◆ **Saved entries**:
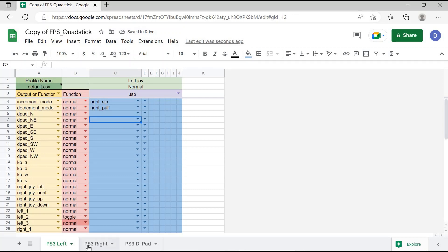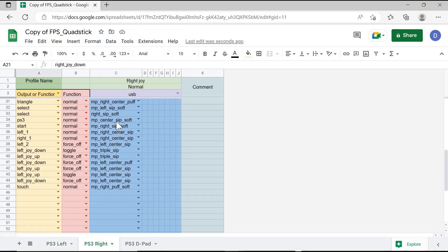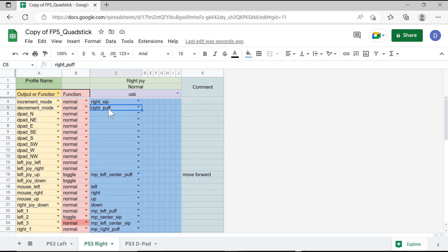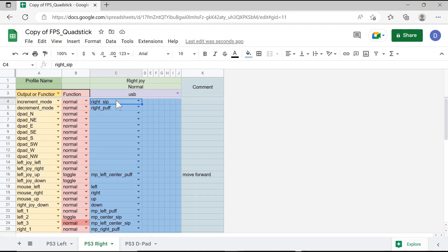Note, however, that you will have to do this on every single page within your Quadstick spreadsheet, because every page will automatically have Right Sip and Right Puff — the side tube — programmed to move between modes or pages. Therefore, for every single page, switch it to whatever input you want the user to use to switch between the small profiles or different pages on their Quadstick spreadsheets.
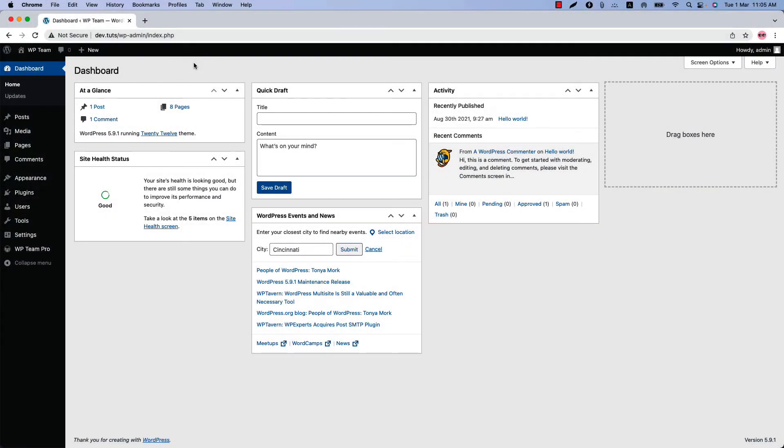Hello everyone, welcome to the WP Team Pro plugin video tutorial series. Today I'm going to show you how to enable Ajax live filtering for group members.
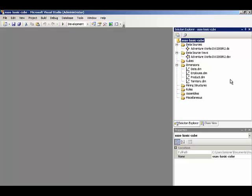Here in our Analysis Services project, we are all set to build a cube. We have a data source, a data source view, as well as four dimensions already created.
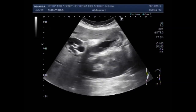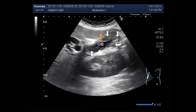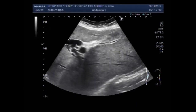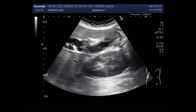Now you can see the gallbladder and a significant amount of thick sludge is seen in the body, and there is thickening of the gallbladder walls. This thick sludge is seen in the body of the gallbladder, but you can see there is no stone seen in the gallbladder.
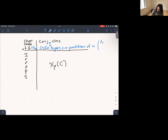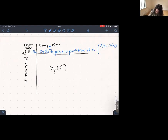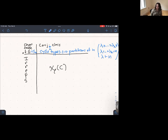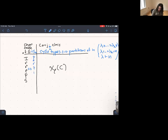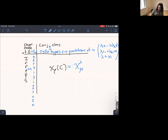Cycle types are in one-to-one correspondence with partitions of n — that is, decreasing sequences of positive integers that sum to n. We write lambda ⊢ n to mean that lambda is a partition of n. There is also a natural and beautiful one-to-one correspondence between irreducible representations of S_n and partitions of n via Specht modules. We will denote the character value for the irreducible representation corresponding to partition lambda evaluated at the conjugacy class corresponding to partition mu of n as chi_lambda_mu.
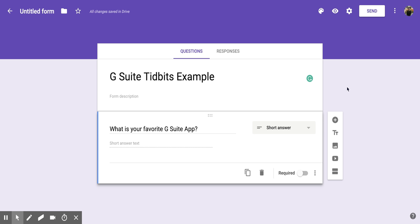Hi everyone, today we're going to be talking about how to add a new question within Google Forms and also how to require someone to answer a certain question when completing the form.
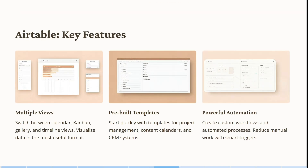Now let's have a look at Airtable. Airtable allows you to switch between calendar, kanban, gallery, and timeline views easily, so you can visualize data in a more useful format. You can start quickly with templates for project management, content calendars, and CRM systems. You can also create custom workflows and automated processes, which reduces manual work with smart triggers.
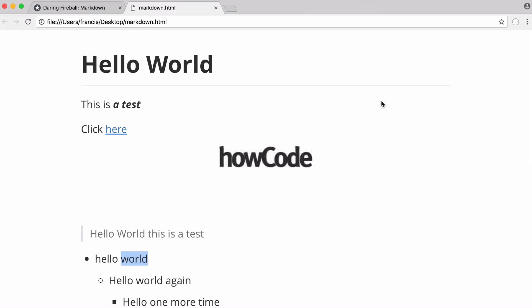So that's it for this video. Don't forget to like, comment, favorite and subscribe. Don't forget to follow us on Facebook, Twitter and Reddit. Also don't forget to check out the new howcode.org website. But that's it for this video and I'll see you next time.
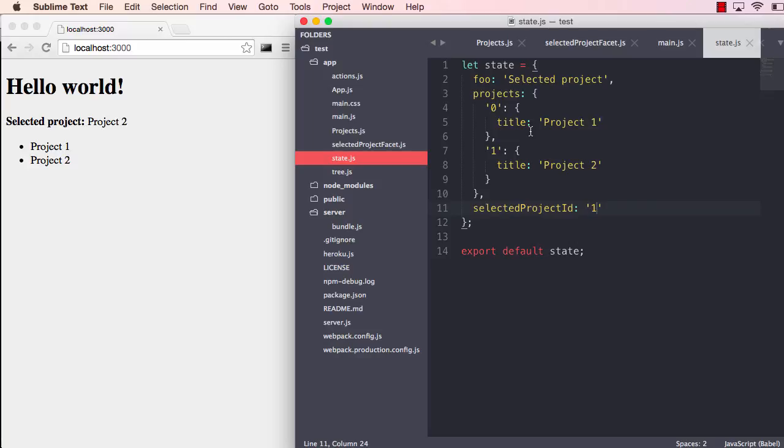So this project is not released quite yet, but I just wanted to show you how it works and give you some info on Baobab, which is a really great tool for handling application state. So that's it. Thanks for watching.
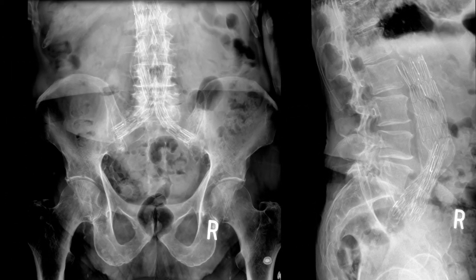In the case of endovascular surgical repair of an abdominal aortic or common iliac artery rupture, stents can be placed. This is a good example of one of those stents visible on X-ray.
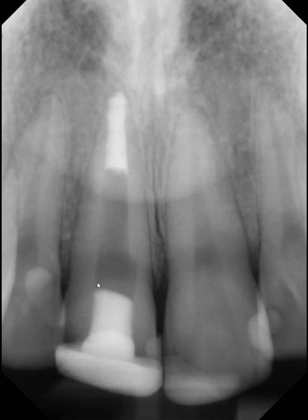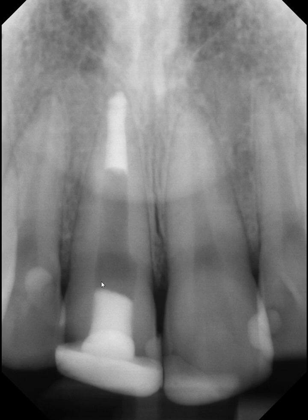This most likely represents the size of the pulp chamber at the time of the initial root canal therapy at the age of 6. And that is why this canal is large — the dentin stopped laying down additional layers due to the root canal therapy.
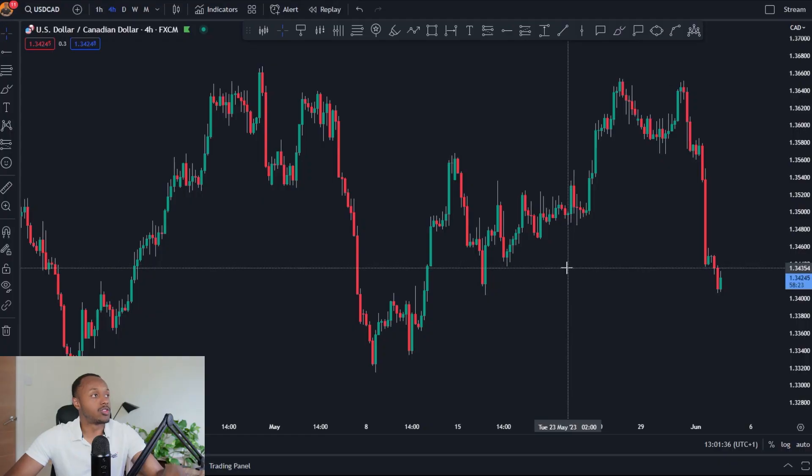Welcome back to the channel. Today I've got another trade breakdown video for you, this time on USD/CAD on the long position I had this week. We'll go through the entirety of the trade: the analysis before my entry, stop loss, take profit, how I managed the trade, and a complete reflection. If you're enjoying the content, please drop a like and subscribe.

◆ **EXERCISE**: Beginning at the line that contains "In the case", transcribe it and every later line through the last line of the data above, exactly, and drop the pictures.

◆ **RESULT FOR THIS TASK**:
In the case of endovascular surgical repair of an abdominal aortic or common iliac artery rupture, stents can be placed. This is a good example of one of those stents visible on X-ray.
This most likely represents the size of the pulp chamber at the time of the initial root canal therapy at the age of 6. And that is why this canal is large — the dentin stopped laying down additional layers due to the root canal therapy.
Welcome back to the channel. Today I've got another trade breakdown video for you, this time on USD/CAD on the long position I had this week. We'll go through the entirety of the trade: the analysis before my entry, stop loss, take profit, how I managed the trade, and a complete reflection. If you're enjoying the content, please drop a like and subscribe.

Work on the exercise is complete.